Directions:
Nothing below is to be printed except the lines between the line holding "9789460770555-Van-Dale-pocketwoordenboek-Nederlands-Duits" and the line holding "Ford E350 2011 5.4L", inclusive, each exactly as it appears.

Data for analysis:
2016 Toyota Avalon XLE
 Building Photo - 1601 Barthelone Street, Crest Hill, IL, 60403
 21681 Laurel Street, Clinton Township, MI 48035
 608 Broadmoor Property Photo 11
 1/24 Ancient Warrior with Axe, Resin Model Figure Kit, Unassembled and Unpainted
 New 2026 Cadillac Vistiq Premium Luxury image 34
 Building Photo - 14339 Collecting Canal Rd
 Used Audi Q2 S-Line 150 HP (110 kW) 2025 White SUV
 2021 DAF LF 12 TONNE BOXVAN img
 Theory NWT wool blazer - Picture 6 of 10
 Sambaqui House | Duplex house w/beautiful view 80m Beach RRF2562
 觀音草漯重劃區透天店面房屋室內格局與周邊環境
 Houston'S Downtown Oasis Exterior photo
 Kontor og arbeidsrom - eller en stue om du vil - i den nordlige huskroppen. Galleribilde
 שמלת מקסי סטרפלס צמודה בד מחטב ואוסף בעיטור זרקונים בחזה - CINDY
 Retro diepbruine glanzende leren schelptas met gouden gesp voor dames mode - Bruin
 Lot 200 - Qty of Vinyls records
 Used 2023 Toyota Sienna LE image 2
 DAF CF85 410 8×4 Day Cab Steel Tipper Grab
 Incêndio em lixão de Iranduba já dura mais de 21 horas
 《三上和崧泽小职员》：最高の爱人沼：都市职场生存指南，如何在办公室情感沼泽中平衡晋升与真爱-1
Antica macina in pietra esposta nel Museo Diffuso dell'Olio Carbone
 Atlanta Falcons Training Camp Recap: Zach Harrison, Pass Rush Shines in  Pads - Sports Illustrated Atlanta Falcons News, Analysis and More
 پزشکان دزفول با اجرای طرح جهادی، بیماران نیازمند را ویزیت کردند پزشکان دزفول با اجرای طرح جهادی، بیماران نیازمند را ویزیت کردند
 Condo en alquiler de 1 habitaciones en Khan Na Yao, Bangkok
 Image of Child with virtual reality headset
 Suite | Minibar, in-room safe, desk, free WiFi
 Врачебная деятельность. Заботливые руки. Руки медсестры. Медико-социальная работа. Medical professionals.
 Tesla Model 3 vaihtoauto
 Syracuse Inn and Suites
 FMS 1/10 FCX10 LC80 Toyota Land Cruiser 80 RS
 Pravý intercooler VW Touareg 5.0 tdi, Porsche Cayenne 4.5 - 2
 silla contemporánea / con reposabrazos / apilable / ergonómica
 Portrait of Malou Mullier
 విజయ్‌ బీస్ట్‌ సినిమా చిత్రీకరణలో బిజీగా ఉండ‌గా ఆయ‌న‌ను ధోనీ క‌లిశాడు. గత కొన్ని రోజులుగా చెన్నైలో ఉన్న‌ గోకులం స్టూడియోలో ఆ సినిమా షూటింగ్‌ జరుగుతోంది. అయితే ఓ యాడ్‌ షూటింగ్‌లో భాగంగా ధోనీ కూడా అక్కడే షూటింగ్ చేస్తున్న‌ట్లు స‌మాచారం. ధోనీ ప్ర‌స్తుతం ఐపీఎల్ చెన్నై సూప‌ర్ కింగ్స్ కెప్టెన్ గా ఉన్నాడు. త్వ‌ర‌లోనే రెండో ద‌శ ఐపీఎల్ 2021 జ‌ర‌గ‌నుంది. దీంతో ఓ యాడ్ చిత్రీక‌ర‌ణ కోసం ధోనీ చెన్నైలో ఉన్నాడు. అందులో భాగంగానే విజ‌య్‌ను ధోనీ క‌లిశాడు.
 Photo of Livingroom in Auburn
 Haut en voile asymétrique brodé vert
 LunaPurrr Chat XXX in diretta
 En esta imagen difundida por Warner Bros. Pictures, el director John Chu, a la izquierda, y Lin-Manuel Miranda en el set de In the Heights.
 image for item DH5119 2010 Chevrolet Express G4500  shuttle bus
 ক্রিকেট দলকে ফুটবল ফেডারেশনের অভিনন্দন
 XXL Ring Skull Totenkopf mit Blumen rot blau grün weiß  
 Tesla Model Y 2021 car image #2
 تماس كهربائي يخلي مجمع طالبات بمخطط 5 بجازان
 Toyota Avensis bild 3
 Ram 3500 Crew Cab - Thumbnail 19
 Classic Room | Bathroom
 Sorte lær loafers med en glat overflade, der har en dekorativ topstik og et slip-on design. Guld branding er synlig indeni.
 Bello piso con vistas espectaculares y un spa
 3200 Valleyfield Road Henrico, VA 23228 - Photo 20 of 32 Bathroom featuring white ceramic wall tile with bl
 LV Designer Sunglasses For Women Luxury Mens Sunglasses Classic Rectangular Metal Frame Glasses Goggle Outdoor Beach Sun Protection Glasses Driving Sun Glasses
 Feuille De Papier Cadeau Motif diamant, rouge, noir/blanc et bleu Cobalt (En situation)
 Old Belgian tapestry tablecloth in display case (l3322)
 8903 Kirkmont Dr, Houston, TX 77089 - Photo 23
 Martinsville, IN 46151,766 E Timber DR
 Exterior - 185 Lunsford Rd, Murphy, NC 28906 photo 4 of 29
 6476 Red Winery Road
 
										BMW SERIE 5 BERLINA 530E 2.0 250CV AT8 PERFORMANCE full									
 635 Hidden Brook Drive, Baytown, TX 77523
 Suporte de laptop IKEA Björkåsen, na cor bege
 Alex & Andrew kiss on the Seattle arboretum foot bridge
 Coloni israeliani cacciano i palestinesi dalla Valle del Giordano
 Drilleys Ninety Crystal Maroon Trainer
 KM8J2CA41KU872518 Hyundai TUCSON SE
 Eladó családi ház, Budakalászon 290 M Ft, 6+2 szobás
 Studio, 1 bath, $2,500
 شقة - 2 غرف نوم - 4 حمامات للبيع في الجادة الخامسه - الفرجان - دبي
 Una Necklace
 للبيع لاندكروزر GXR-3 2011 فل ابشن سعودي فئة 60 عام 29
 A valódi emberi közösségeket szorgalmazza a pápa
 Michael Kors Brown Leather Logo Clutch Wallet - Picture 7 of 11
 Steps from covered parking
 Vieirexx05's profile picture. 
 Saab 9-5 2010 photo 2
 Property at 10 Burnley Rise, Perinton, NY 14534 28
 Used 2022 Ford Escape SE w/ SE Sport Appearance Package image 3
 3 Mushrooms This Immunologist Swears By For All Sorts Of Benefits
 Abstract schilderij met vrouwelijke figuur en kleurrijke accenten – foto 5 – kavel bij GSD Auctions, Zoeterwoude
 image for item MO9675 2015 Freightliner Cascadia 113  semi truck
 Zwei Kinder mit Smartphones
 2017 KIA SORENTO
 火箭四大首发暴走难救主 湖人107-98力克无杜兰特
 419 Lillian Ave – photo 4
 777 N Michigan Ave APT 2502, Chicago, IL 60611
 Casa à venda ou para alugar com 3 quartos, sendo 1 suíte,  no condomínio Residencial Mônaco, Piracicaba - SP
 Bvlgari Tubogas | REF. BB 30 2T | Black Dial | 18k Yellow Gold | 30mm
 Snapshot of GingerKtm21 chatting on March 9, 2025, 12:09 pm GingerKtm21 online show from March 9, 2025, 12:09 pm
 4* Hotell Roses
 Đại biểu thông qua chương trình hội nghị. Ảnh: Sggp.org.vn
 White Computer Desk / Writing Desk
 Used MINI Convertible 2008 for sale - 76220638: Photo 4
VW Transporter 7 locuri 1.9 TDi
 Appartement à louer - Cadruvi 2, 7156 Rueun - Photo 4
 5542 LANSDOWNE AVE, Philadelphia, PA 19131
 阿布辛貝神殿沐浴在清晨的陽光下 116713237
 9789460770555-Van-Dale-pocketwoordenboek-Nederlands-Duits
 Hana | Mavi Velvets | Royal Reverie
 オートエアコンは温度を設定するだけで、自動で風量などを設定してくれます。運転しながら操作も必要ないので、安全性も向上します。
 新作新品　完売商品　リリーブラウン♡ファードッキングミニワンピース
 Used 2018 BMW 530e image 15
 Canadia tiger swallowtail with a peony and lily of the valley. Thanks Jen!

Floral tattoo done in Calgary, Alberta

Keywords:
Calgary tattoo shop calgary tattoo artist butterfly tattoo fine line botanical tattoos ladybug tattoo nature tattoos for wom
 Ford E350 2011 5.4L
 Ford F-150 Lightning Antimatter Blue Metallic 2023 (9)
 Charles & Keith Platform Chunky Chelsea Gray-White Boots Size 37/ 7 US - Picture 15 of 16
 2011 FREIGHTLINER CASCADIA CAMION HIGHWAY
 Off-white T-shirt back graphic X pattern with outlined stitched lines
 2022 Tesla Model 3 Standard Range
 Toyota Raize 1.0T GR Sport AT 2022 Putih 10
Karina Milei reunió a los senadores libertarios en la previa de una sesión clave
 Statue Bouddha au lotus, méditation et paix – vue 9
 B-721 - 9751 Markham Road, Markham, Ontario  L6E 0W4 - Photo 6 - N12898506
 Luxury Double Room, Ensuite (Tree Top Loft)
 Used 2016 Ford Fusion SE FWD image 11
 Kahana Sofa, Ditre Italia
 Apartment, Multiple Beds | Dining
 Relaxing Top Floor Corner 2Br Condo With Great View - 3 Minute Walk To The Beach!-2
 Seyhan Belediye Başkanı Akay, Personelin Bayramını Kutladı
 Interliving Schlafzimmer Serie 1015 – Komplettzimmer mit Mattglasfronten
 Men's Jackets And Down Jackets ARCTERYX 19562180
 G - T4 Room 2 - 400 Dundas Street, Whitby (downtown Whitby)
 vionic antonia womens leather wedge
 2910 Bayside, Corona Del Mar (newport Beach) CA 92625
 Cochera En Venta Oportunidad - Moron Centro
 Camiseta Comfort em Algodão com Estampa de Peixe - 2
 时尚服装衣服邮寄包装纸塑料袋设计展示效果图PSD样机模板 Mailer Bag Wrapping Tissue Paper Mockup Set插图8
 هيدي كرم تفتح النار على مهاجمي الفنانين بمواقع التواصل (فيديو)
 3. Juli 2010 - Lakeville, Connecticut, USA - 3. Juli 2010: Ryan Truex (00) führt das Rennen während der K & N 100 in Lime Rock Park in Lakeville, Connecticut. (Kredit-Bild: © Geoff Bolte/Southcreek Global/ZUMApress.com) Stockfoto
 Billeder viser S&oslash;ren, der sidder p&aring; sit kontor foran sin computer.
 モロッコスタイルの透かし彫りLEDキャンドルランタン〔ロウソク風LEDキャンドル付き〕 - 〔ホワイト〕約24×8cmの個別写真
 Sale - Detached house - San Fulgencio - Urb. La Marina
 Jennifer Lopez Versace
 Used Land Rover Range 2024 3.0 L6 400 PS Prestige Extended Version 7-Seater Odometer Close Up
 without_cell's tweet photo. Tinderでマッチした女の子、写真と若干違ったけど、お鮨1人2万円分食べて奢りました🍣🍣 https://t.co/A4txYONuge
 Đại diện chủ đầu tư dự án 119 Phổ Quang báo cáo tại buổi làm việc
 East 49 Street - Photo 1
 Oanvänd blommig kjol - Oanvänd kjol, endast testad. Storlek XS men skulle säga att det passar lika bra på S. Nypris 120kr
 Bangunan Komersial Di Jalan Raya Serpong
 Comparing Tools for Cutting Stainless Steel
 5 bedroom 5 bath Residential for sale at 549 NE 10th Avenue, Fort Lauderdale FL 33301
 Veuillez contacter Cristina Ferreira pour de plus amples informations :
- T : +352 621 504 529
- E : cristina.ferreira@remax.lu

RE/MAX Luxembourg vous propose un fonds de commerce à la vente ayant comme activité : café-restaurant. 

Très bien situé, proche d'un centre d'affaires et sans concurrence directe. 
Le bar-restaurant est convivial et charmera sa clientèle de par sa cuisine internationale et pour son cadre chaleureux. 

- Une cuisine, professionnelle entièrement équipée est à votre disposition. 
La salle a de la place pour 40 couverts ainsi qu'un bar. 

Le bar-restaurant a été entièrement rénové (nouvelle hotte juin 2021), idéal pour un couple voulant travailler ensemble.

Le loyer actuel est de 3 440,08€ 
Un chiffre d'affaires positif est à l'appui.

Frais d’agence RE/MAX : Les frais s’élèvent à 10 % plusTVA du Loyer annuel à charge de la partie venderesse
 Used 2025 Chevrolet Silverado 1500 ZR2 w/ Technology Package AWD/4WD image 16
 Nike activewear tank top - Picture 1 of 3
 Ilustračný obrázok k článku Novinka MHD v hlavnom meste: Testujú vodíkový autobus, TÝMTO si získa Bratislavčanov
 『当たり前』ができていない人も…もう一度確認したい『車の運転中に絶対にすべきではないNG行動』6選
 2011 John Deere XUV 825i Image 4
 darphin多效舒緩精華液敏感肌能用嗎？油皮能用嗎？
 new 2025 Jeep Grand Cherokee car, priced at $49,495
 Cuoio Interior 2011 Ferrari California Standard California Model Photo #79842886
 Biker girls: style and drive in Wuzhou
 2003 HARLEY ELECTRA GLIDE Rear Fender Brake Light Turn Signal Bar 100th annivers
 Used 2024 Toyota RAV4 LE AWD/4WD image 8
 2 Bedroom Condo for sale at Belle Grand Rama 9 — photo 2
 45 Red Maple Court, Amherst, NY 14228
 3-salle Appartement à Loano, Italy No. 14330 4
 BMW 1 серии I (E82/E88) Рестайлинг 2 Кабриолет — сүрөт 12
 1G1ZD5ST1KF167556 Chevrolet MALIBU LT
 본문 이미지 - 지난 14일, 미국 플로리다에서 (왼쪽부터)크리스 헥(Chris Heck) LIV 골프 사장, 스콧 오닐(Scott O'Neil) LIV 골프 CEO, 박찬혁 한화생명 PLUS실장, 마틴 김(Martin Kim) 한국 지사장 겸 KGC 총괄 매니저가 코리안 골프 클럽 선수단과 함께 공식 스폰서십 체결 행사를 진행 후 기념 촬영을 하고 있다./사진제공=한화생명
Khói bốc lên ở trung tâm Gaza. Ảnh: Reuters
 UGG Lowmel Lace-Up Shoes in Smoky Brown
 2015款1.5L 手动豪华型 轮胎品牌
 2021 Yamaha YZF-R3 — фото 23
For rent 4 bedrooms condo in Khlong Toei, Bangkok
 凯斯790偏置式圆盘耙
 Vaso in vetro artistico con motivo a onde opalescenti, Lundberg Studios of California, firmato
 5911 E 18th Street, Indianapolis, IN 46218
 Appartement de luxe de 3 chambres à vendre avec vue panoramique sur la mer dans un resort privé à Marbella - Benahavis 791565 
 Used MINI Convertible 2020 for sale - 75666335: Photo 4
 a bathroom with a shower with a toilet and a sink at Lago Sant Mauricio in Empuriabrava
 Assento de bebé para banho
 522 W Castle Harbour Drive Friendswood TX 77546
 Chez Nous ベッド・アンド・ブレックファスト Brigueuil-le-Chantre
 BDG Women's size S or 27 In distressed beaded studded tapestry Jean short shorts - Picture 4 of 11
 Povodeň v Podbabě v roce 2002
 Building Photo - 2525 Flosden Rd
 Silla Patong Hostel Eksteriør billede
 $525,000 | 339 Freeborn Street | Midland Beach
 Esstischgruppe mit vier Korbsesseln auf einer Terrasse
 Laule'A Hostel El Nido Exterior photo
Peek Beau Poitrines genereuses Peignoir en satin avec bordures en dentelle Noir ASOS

Your response:
 9789460770555-Van-Dale-pocketwoordenboek-Nederlands-Duits
 Hana | Mavi Velvets | Royal Reverie
 オートエアコンは温度を設定するだけで、自動で風量などを設定してくれます。運転しながら操作も必要ないので、安全性も向上します。
 新作新品　完売商品　リリーブラウン♡ファードッキングミニワンピース
 Used 2018 BMW 530e image 15
 Canadia tiger swallowtail with a peony and lily of the valley. Thanks Jen!

Floral tattoo done in Calgary, Alberta

Keywords:
Calgary tattoo shop calgary tattoo artist butterfly tattoo fine line botanical tattoos ladybug tattoo nature tattoos for wom
 Ford E350 2011 5.4L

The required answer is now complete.